#### Problem details
Span requested from the data below: the line with "Black and white" through the line with "Elegant Gatsby-themed birthday", both included. Give only these lines again, exactly, and leave every picture out.

#### Given data
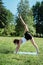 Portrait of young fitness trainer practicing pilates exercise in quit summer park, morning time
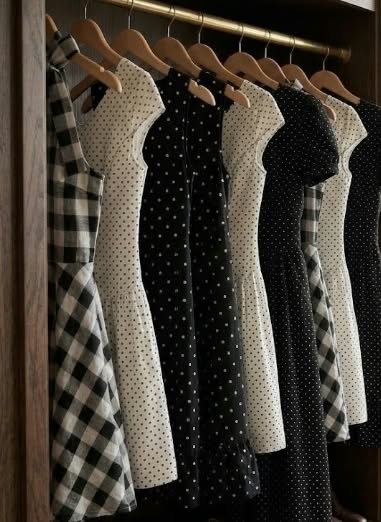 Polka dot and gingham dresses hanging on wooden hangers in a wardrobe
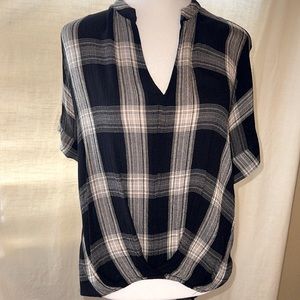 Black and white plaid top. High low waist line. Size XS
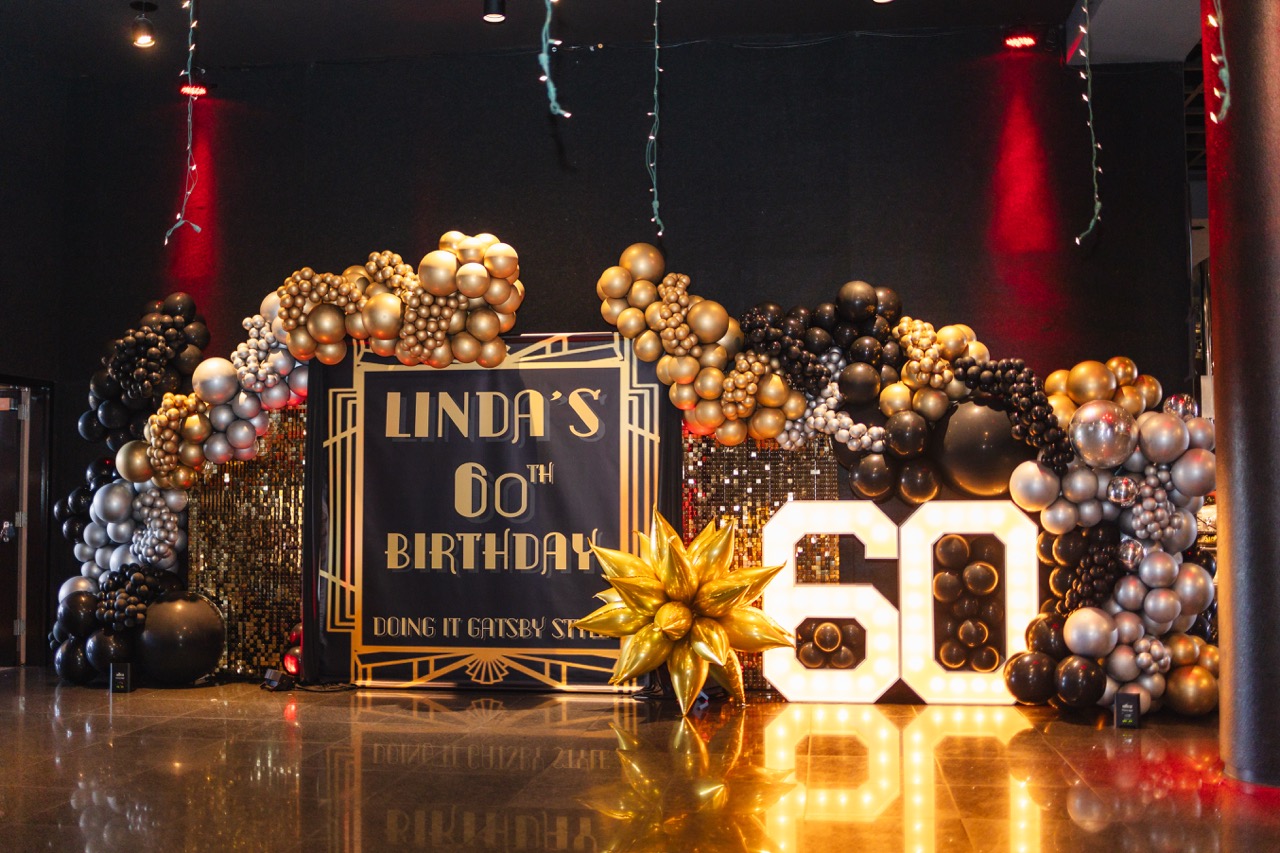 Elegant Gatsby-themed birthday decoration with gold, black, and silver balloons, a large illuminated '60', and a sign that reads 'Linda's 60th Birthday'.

==

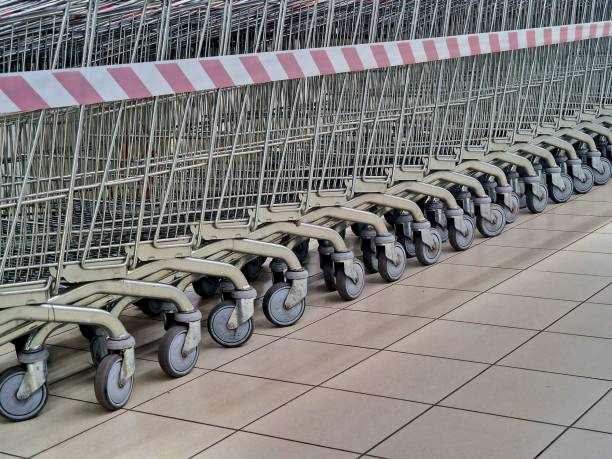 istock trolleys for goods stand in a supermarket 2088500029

==

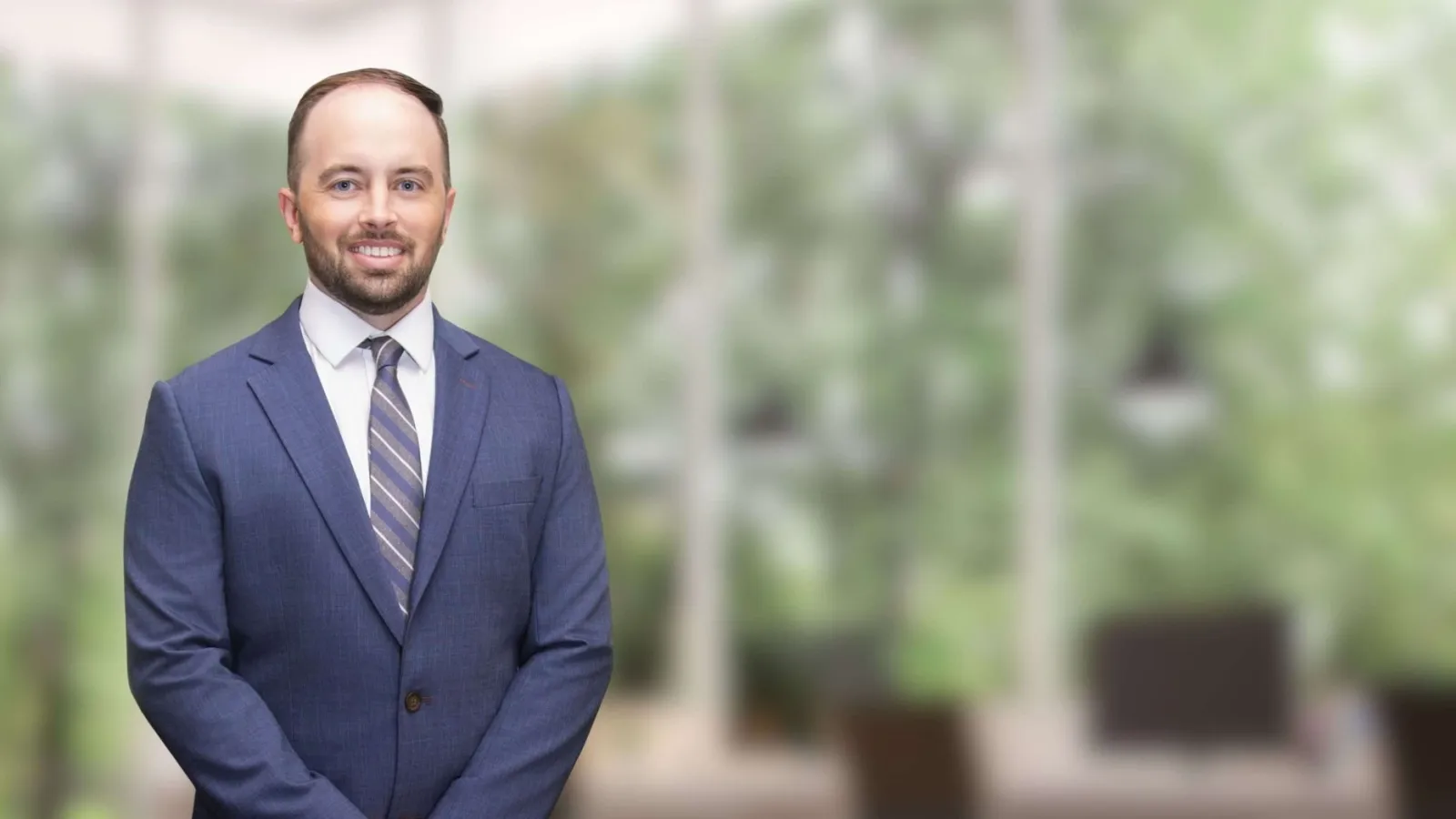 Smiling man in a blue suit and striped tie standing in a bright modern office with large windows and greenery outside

#### Answer to the exercise
 Black and white plaid top. High low waist line. Size XS
 Elegant Gatsby-themed birthday decoration with gold, black, and silver balloons, a large illuminated '60', and a sign that reads 'Linda's 60th Birthday'.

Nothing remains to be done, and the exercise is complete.